---- Data under study

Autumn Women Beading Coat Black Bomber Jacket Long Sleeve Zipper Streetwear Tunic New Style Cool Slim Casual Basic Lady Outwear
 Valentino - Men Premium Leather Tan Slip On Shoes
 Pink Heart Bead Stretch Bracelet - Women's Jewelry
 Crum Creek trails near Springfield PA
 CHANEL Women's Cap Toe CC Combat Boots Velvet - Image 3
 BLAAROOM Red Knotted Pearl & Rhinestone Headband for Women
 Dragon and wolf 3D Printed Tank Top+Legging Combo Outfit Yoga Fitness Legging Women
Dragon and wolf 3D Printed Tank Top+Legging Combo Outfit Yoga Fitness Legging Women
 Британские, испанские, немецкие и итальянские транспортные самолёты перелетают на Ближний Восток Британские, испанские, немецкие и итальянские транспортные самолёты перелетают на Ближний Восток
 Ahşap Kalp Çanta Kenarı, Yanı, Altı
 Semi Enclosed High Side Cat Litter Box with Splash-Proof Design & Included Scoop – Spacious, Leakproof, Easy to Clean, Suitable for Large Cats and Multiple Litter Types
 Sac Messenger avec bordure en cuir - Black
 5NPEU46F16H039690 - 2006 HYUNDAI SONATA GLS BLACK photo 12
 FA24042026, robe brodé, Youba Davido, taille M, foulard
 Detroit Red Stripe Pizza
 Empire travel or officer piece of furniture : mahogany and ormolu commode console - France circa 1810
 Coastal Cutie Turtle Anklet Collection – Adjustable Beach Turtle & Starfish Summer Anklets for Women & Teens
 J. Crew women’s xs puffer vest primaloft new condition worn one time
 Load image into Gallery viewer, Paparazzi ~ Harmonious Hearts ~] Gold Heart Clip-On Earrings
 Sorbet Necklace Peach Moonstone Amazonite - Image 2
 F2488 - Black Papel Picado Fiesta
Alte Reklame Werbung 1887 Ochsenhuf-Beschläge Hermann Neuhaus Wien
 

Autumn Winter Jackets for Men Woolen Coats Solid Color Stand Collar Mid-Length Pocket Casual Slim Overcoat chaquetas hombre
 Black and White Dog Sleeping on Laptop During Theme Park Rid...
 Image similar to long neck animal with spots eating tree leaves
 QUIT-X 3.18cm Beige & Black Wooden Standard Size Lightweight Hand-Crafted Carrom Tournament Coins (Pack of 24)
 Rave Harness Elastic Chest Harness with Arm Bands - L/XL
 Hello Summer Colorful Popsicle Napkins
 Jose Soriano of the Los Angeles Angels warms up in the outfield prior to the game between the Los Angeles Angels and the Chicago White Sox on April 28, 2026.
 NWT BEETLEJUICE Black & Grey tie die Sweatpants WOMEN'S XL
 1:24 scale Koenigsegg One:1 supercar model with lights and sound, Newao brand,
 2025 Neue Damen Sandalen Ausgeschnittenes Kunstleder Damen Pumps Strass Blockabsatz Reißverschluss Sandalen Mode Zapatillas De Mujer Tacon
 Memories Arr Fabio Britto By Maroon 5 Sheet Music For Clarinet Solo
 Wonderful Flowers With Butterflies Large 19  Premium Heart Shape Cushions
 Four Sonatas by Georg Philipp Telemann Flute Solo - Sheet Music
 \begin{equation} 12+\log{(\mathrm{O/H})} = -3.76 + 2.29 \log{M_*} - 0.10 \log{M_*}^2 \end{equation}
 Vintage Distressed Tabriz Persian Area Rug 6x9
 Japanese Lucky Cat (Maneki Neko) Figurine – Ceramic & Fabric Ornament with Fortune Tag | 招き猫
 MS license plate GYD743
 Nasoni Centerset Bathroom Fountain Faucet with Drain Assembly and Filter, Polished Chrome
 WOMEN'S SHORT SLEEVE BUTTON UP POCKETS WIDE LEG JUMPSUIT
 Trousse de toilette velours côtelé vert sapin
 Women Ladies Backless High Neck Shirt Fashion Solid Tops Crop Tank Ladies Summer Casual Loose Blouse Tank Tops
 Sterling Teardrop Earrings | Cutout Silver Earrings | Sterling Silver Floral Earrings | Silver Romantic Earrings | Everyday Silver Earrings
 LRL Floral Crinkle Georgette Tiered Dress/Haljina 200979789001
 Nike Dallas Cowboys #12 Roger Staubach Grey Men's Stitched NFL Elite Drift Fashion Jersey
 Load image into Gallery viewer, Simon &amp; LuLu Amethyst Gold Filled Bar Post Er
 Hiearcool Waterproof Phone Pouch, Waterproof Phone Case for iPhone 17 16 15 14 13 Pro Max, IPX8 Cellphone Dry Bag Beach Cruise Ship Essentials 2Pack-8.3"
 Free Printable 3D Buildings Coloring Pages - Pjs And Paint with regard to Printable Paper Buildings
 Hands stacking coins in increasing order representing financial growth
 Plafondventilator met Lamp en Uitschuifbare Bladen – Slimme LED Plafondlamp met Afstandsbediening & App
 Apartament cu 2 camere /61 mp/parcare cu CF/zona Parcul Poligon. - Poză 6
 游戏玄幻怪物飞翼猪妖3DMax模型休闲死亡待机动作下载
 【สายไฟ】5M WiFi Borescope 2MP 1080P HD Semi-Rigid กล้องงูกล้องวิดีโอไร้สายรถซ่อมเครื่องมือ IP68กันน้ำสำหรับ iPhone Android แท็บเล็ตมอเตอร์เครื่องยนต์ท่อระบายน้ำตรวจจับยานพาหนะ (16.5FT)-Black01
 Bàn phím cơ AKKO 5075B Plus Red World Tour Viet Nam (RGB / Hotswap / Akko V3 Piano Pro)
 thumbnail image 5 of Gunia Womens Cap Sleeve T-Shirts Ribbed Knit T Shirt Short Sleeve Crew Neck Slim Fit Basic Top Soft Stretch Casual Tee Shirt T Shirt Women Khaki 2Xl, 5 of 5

--------

● Instructions for the task: Scan the records above for the lines holding "LRL Floral Crinkle" and "Free Printable 3D". Transcribe those two and every line between them word for word, and no others.

● Result for this exercise:
 LRL Floral Crinkle Georgette Tiered Dress/Haljina 200979789001
 Nike Dallas Cowboys #12 Roger Staubach Grey Men's Stitched NFL Elite Drift Fashion Jersey
 Load image into Gallery viewer, Simon &amp; LuLu Amethyst Gold Filled Bar Post Er
 Hiearcool Waterproof Phone Pouch, Waterproof Phone Case for iPhone 17 16 15 14 13 Pro Max, IPX8 Cellphone Dry Bag Beach Cruise Ship Essentials 2Pack-8.3"
 Free Printable 3D Buildings Coloring Pages - Pjs And Paint with regard to Printable Paper Buildings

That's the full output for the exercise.